Last month I became an octogenarian. I threw a big party to celebrate my 80th year and my fifty -plus years of ministry in this community. About 80 people gathered in my home on that Sunday afternoon to party with me. It was wonderful!
“It seems as though we homo sapiens are possessed by a compulsion to complain,” my friend George Prettyman at the age of 79 wrote in his 1991 newspaper column. “The weather, for one thing. The price of groceries…or gasoline…or fish…whatever. And if there’s nothing better to fuss about, we gripe about having recorded a number of years on our lifometer. Yes, we complain about getting older when it ought to be obvious that the alternative is pretty grim.”
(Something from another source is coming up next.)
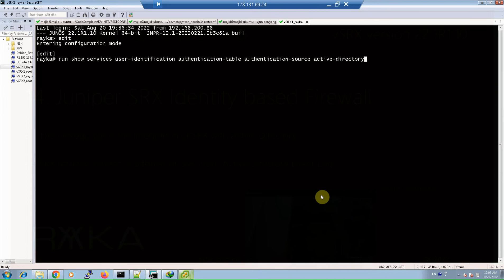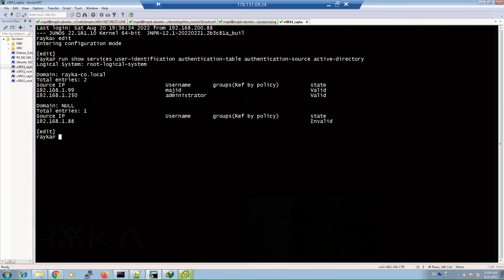Before starting identity-based firewall configuration, just to review the result of what we configured in the previous section, let's monitor the Juniper SRX authentication table with the command: show services user-identification authentication-source active-directory. We can retrieve the current active users in Active Directory and their corresponding IP addresses from the authentication table. As you can see, there are currently two active users — magic and administrator — and their IP addresses are also displayed in the output of this command.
The one thing I fear in this new chapter of life is not that grim alternative which will come eventually. What I fear most is becoming a “grumpy old man!” I don’t want to be a person who always sees the glass as half empty. I don’t want to sit on my duff and complain about the world situation or about the degeneration of the new generation of youth. I don’t want to dwell on the “Yesterday when I was young” as some kind of idyllic time. It wasn’t! In spite of some creaks in my joints, and some “forgetfulness,” I don’t want to harp on that kind of thing either. Nor, do I want to be a person who goes around saying “Jesus will take care of everything” and ignore reality and my own personal responsibility to make a difference.
Let’s party! We’ve been invited. We’re wanted at this party—a “Pourer of New Wine” will be there. Those of us who come to this grace-party will be inebriated—“sanely intoxicated” (as Keating wrote). We will be drinking the wine of a new and heightened life. That’s what I want in my eightieth year—“a new and heightened life!” It can be so, I am told, if I go to the party.